Yonik, 
any reason to have BitSetItrator method 
int next(int fromIndex) {...
package protected 

Would be interesing to see how BitSetIterator works in Matcher, skipping is 
needed there



----- Original Message ----
From: paul.elschot (JIRA) <[EMAIL PROTECTED]>
To: java-dev@lucene.apache.org
Sent: Monday, 4 September, 2006 8:47:24 AM
Subject: [jira] Commented: (LUCENE-584) Decouple Filter from BitSet

    [ 
http://issues.apache.org/jira/browse/LUCENE-584?page=comments#action_12432435 ] 
            
paul.elschot commented on LUCENE-584:
-------------------------------------

> No performance changes as well.

It's good to hear that. As mentioned earlier, this is groundwork only.
Once an actual Matcher is used I expect some some performance differences to 
show up.

Which comment of Yonik related to HitCollector do you mean?

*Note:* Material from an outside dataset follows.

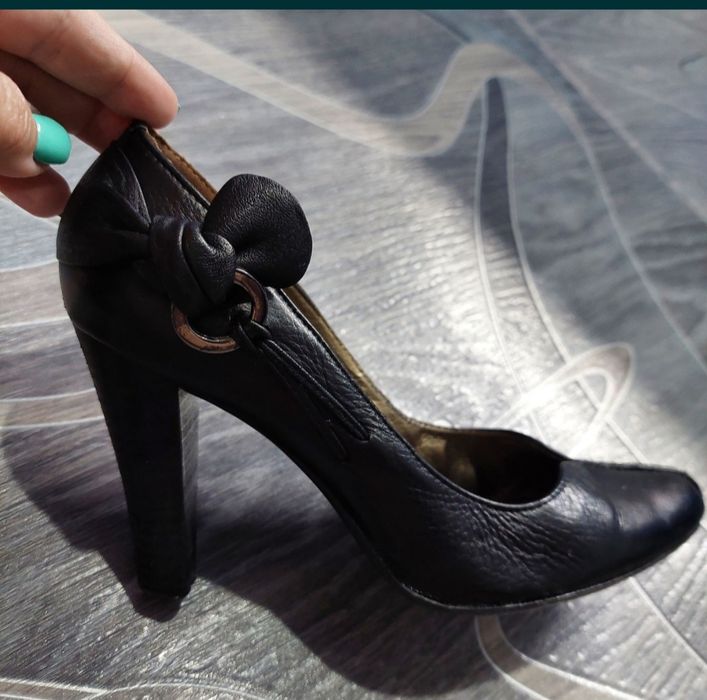 Продам кожаные туфли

> Early this week we will try to implement our first Matchers and see how they 
> behave 

BitsMatcher and SortedVIntList could start that.
Also I'd like to see one on Solr's OpenBitSet...

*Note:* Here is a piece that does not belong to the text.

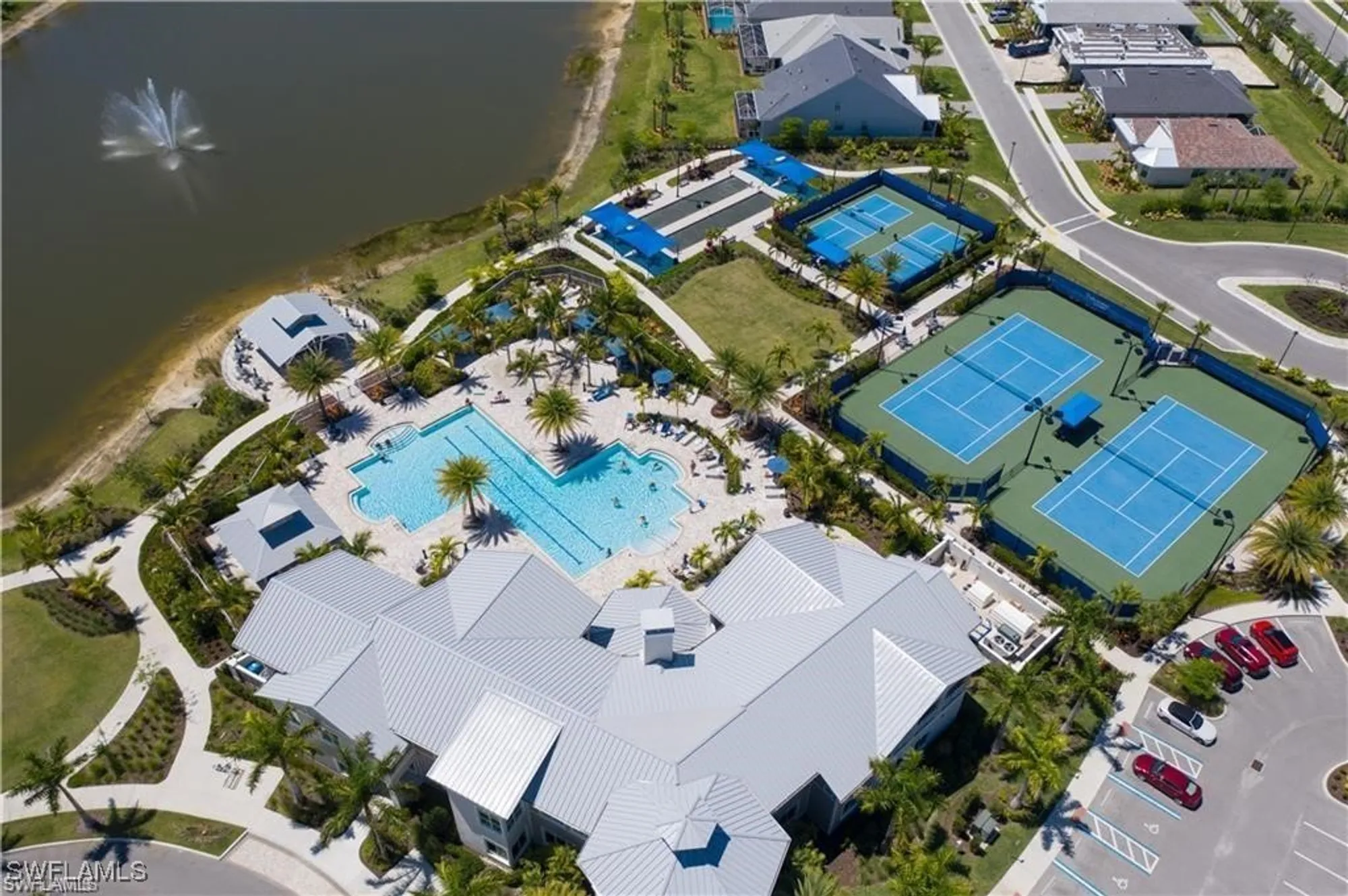 Property Slideshow image 17 of 18 | 10572 otter key ln, Estero, FL, 33928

> Decouple Filter from BitSet
> ---------------------------
>
>                 Key: LUCENE-584
>                 URL: http://issues.apache.org/jira/browse/LUCENE-584
>             Project: Lucene - Java
>          Issue Type: Improvement
>          Components: Search
>    Affects Versions: 2.0.1
>            Reporter: Peter Schäfer
>            Priority: Minor
>         Attachments: BitsMatcher.java, Filter-20060628.patch, 
> HitCollector-20060628.patch, IndexSearcher-20060628.patch, 
> MatchCollector.java, Matcher.java, Matcher20060830b.patch, 
> Scorer-20060628.patch, Searchable-20060628.patch, Searcher-20060628.patch, 
> SortedVIntList.java, TestSortedVIntList.java
>
>
> {code}
> package org.apache.lucene.search;
> public abstract class Filter implements java.io.Serializable 
> {
>   public abstract AbstractBitSet bits(IndexReader reader) throws IOException;
> }
> public interface AbstractBitSet 
> {
>   public boolean get(int index);
> }
> {code}
> It would be useful if the method =Filter.bits()= returned an abstract 
> interface, instead of =java.util.BitSet=.
> Use case: there is a very large index, and, depending on the user's 
> privileges, only a small portion of the index is actually visible.
> Sparsely populated =java.util.BitSet=s are not efficient and waste lots of 
> memory. It would be desirable to have an alternative BitSet implementation 
> with smaller memory footprint.
> Though it _is_ possibly to derive classes from =java.util.BitSet=, it was 
> obviously not designed for that purpose.
> That's why I propose to use an interface instead. The default implementation 
> could still delegate to =java.util.BitSet=.